[YOUR OBJECTIVE]:
Set down exactly the lines below, starting at the one that contains "Appartement te koop" and ending at the one that contains "Pinguin He or", with both of those lines included and nothing else.

::: MATERIALS PROVIDED

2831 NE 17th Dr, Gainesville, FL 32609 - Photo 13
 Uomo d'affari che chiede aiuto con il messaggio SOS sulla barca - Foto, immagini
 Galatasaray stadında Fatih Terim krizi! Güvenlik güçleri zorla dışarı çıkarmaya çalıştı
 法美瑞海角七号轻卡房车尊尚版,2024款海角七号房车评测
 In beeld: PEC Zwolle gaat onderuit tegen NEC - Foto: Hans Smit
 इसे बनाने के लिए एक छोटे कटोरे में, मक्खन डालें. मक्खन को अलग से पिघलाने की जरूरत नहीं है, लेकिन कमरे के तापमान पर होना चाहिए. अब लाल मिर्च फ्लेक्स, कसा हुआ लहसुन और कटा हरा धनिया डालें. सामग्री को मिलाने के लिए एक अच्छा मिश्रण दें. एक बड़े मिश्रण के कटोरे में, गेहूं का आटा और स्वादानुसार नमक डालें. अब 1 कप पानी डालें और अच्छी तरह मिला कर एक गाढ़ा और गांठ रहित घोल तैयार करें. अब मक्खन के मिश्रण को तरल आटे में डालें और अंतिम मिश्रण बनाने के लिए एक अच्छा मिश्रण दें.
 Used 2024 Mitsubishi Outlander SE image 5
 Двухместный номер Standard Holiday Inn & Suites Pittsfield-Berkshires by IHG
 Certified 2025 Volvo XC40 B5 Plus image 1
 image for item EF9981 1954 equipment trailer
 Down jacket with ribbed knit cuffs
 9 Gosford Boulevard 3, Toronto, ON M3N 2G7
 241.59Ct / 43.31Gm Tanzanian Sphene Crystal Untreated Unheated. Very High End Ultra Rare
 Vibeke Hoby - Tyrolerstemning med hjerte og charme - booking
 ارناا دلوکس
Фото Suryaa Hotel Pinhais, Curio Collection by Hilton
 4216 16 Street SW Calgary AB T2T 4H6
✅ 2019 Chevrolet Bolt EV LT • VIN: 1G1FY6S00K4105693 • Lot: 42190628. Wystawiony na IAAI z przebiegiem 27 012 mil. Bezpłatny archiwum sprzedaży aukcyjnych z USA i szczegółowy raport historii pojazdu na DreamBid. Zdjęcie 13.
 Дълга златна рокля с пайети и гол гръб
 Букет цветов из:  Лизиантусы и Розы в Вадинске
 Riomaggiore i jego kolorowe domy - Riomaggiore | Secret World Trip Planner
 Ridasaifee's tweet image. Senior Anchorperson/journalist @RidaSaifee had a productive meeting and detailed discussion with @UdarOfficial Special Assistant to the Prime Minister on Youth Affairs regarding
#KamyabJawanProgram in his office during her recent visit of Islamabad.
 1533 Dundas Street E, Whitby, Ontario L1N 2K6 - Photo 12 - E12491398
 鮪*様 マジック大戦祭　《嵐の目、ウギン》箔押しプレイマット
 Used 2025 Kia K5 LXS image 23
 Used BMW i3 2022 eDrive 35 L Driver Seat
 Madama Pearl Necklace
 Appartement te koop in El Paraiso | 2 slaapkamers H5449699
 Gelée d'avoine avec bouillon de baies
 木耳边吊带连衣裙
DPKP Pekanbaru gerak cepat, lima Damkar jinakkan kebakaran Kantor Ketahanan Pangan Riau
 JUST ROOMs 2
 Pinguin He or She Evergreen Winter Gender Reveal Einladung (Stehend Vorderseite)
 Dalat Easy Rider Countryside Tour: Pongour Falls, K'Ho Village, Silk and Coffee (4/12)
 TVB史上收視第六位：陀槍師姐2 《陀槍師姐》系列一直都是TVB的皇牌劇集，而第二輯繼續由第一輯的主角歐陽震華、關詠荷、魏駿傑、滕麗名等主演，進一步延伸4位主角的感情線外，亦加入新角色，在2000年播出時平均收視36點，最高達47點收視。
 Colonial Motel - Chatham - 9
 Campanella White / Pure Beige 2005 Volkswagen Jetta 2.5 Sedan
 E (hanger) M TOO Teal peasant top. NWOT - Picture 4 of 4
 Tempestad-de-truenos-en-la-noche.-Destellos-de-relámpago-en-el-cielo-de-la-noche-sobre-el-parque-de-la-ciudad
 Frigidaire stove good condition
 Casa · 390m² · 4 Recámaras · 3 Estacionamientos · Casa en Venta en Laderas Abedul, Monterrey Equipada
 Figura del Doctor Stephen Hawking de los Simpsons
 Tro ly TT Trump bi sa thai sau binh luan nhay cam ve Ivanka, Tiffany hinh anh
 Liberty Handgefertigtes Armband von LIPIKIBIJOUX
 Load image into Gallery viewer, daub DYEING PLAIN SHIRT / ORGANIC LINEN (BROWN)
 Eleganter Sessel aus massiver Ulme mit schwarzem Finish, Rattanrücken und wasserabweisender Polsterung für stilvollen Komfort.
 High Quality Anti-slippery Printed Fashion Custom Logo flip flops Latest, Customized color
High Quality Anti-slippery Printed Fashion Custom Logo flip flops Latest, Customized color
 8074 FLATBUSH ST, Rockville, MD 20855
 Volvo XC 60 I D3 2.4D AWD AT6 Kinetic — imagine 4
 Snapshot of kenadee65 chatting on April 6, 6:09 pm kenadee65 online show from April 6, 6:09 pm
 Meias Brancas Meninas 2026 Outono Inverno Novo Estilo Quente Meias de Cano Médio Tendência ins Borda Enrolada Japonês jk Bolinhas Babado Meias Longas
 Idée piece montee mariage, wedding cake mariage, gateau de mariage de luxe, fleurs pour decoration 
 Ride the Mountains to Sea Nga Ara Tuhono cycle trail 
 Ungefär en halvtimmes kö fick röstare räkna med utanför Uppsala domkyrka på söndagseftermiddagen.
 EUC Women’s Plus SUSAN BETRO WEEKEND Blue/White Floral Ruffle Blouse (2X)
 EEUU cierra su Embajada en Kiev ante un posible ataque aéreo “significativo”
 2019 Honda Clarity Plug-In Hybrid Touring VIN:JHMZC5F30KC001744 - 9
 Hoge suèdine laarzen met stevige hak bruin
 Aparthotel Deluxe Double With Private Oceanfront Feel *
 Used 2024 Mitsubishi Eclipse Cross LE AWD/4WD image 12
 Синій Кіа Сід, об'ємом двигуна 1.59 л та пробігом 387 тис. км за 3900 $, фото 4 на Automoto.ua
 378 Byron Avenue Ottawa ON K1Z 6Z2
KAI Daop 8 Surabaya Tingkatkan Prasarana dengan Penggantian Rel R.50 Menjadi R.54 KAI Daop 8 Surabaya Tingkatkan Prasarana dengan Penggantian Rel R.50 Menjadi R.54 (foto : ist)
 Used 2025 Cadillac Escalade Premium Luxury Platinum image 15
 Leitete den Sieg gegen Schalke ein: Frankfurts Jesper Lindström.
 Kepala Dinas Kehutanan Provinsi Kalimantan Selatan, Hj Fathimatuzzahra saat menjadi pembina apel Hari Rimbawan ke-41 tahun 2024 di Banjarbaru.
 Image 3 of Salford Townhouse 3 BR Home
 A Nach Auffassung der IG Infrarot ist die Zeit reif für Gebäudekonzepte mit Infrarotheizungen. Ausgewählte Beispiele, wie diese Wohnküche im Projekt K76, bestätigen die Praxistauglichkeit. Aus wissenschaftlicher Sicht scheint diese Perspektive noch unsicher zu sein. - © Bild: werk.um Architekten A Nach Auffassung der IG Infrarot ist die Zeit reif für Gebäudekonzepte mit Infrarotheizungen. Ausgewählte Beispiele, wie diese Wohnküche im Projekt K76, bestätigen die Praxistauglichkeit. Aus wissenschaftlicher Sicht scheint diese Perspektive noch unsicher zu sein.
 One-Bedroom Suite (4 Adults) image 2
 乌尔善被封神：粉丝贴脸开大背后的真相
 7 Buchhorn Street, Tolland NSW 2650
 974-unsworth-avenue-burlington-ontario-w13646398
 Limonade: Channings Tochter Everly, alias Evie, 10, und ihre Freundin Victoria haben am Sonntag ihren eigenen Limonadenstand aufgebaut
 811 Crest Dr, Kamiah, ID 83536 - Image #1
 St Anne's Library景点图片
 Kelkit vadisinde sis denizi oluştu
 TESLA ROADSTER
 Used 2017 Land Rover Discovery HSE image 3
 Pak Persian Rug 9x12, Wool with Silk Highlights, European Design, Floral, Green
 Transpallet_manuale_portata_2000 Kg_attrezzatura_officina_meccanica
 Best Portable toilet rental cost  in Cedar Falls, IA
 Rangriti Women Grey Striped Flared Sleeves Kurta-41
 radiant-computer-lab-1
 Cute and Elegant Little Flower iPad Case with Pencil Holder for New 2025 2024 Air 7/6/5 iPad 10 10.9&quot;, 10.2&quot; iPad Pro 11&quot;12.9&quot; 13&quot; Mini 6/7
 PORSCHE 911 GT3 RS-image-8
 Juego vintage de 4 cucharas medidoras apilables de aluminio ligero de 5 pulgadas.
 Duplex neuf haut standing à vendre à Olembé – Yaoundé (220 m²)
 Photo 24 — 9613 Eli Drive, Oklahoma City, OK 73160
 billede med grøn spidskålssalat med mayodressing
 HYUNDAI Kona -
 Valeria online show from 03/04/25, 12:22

::::::

[WRITTEN SOLUTION]:
 Appartement te koop in El Paraiso | 2 slaapkamers H5449699
 Gelée d'avoine avec bouillon de baies
 木耳边吊带连衣裙
DPKP Pekanbaru gerak cepat, lima Damkar jinakkan kebakaran Kantor Ketahanan Pangan Riau
 JUST ROOMs 2
 Pinguin He or She Evergreen Winter Gender Reveal Einladung (Stehend Vorderseite)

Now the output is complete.